When I’m not watching the #1 rated drama on US network television, NCIS, or one of its clones, on Sunday nights I sometimes creep over to the so-called “Public” television outlets on my high speed digital network. Now today, in this 21st Century Comb-Over Era, perception and expectation are everything, and I expect to only perceive British accents over on what we will now call for brevity’s sake, the PBS television network.

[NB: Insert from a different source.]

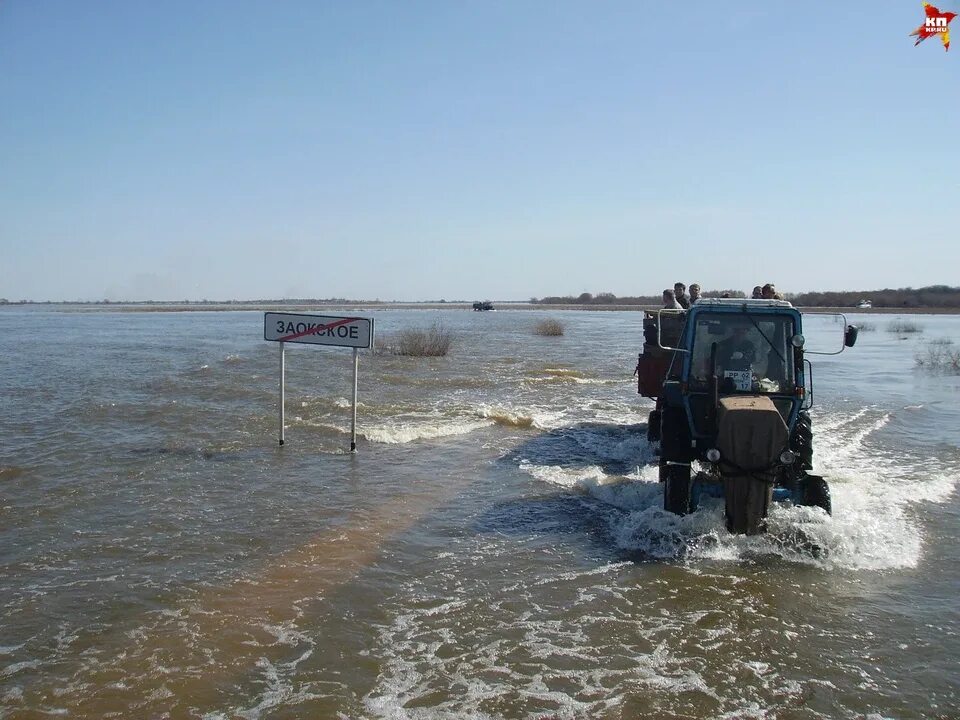 Уровень воды в реке ока в павлове. Уровень воды в реке Ока. Ока сейчас река. Уровень воды в Оке Рязань. Уровень воды Ока Рязань.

On a Sunday evening I expect to relax to some BBC 19th century parlor drama on my local public television station. Some programs on Public Television are actually from other UK production outlets like the commercial ITV. This is fine by me as long as they get the accent right. I’m as free market as the next yob when it comes to high brow television. But what’s got me really upset now is that they are starting to screen inferior accented series from Australia and New Zealand on public television. As if we couldn’t tell the difference between a British accent and an Aussie accent. Some people may be fooled, but not me. When I see my Pride and Prejudice I don’t want anybody popping off to Outback Steakhouse during the sponsor breaks at pledge time.

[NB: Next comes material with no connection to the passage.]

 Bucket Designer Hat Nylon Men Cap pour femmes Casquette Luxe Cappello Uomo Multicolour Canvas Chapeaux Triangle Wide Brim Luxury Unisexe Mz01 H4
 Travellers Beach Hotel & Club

Unlike the US, Australia and New Zealand are just down in the mouth British colonies that couldn’t make it on their own. Australia is just a shabby California. There’s nothing high brow or hoity-toity about these convict transportation camps that would interest the more advanced American viewers of TV like myself. It’s shameful to screen ersatz Brideshead Revisiteds next to genuine smart English television content. You can always perceive when someone is trying to make it on the cheap. Substitute margarine for butter. Made in Polynesia for made in the UK. A downturn in pledge dollars doesn’t have to mean a sacrifice in quality. How much could reruns of Good Neighbors or As Time Goes By cost? As in all British TV, economical production values are overcome by high brow accents and big words where smaller words would normally suffice on large budget US TV programs like NCIS. That’s what the literate public TV viewer expects. Not G’day or throw another kangaroo on the barbie. Public TV has lost its rudder.
Now we accept Irish, Scots, and Welsh or even Indian accents in our public television content because these are necessary for verisimilitude especially when properly accented English people are really in charge. This is only logical. Every country has its aboriginal peoples. Even America has Southern accents, but nobody is going to believe a documentary series about our founding fathers where people talk like they are from Atlanta or Sydney, people expect a British accent, and a low budget British production in some dreary castle would be even better. After all who is better suited to present past glories than the British? Nobody in America wants to see stories about small villages in the 1940s, or the 19th century in Australia or New Zealand and if public TV thinks they can foist this on American pledge givers as British programming just because cable network BBC America now gets the cream of British programming, along with the Star Trek franchise, well they need to wake up and smell the tea brewing. Pasty complexions, bad teeth and posh accents are what we expect on Sunday night.
Now with Brexit on the horizon the fear is that even more Oceania programming will make it onto the lucrative US public TV market. I say don’t stand for it. God Save the Queen! Vote with your pledge dollars. Sure you can expect lower production values in British television as a result but these can always be overcome with longer words and posher accents. More specials with dead 1950s and ’60s doo wop and pop groups are no substitute for high brow British mini series.
One yearns for the days when Alistair Cooke introduced Masterpiece with the proper Theater sup-pended to it. However, Alan Cummings, although with a Scots accent, is almost more an American staple than Cooke. Now if only the current content were as good.
I say put the Theater back in Masterpiece and take the Masterpiece out of Mystery. Don’t stand for inferior colonial programming. The next thing you know they’ll be putting programming from the ultimate failed colony, Canada, on public TV. The most patriotic thing you can do today is write to the Corporation for Public Broadcasting or your local PBS station to keep our American public television exclusively British.